GOP presidential hopeful Rick Perry is not shy about using strong words. At a campaign event in Iowa, Perry said if Federal Reserve Chairman Ben Bernanke prints more money, it would be “almost treasonous.”
He also said “we would treat him pretty ugly down in Texas.” Treason, meanwhile, carries the ugly sentence of execution under U.S. law.
Perry isn’t likely calling for an execution of Bernanke. However, what he and other conservatives are alleging is that Bernanke’s money printing is a betrayal of the U.S. middle class.
Their main argument is that loose monetary policy, especially the money-printing program of quantitative easing, is an invisible tax on U.S. workers.
Loose monetary policy stokes inflation. Over the last few decades, monetary policy has been loose under Bernanke and Alan Greenspan before him. Inflation, predictably, was high.
Because of the high inflation, $100 in 1960 is worth only $13.11 in 2011, according to the U.S. government’s CPI calculations. Critics, moreover, argue that the CPI inadequately captures the inflation in health care and education, which means the 1960 $100 is probably worth less than $13.11.
The devaluation of U.S. middle class purchasing power, without a comparable increase in wages, represents what the conservatives call the invisible inflation tax.
The inflation tax is less pronounced in the ultra-rich because their assets and income are tied to capital and investments, which keep pace with inflation.
In fact, loose monetary conditions arguably redistribute wealth from middle-class taxpayers to the ultra-rich because of government bailouts, which is the second major complaint of conservatives against the Federal Reserve.
During times of loose money, the economy booms. However, it mostly benefits top executives, owners of assets, and owners of capital. The working class, meanwhile, sees only modest increase in wages.
When the loose money bubble pops, like it did in 2008, the government is forced to step in with taxpayer money pooled from the entire U.S. population, including the middle class, which didn’t benefit that much from the boom. The Federal Reserve, meanwhile, is forced to loosen monetary policy (which later stokes inflation).
So who is the beneficiary of the invisible inflation tax?
The U.S. government, the biggest debtor in the world, is the biggest beneficiary because inflation lessens their debt burden that is fixed in nominal terms.

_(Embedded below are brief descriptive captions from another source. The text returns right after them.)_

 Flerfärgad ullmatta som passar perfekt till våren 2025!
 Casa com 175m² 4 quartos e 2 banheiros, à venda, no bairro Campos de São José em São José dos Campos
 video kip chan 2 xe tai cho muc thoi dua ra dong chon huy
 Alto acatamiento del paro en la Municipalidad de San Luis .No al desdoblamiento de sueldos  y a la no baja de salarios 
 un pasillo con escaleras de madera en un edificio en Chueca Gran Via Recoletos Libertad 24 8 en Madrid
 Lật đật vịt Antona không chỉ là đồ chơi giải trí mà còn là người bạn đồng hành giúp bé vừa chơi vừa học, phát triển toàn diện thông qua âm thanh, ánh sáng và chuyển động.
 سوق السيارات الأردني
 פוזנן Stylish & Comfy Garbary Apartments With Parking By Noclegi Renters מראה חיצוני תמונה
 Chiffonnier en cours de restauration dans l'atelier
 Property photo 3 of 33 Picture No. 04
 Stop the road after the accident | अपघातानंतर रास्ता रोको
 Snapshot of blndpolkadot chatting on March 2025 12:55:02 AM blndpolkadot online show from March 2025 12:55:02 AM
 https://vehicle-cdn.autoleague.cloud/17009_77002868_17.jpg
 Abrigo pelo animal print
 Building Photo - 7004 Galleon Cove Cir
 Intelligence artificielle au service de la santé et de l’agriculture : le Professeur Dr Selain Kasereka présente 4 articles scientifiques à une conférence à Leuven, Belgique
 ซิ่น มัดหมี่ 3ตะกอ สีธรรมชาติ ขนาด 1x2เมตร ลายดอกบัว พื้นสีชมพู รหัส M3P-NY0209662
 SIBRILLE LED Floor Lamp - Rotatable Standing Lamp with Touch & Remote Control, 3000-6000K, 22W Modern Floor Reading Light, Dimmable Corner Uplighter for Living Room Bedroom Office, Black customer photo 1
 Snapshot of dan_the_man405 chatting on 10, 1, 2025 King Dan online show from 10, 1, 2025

It is using its safe-haven and reserve currency status to take advantage of savers and lenders around the world. (The other victim of the U.S. inflation process, as stated above, is the U.S. middle class who do not own capital and assets and whose wages do not keep up with inflation).
So while it’s hard to accuse the Fed chairman of actual treason, Perry can certainly make the case that his money printing policies are betraying the U.S. middle class.
Bernanke, of course, claims he is merely fulfilling his dual mandate of maintaining price stability (against deflation) and full employment by printing money.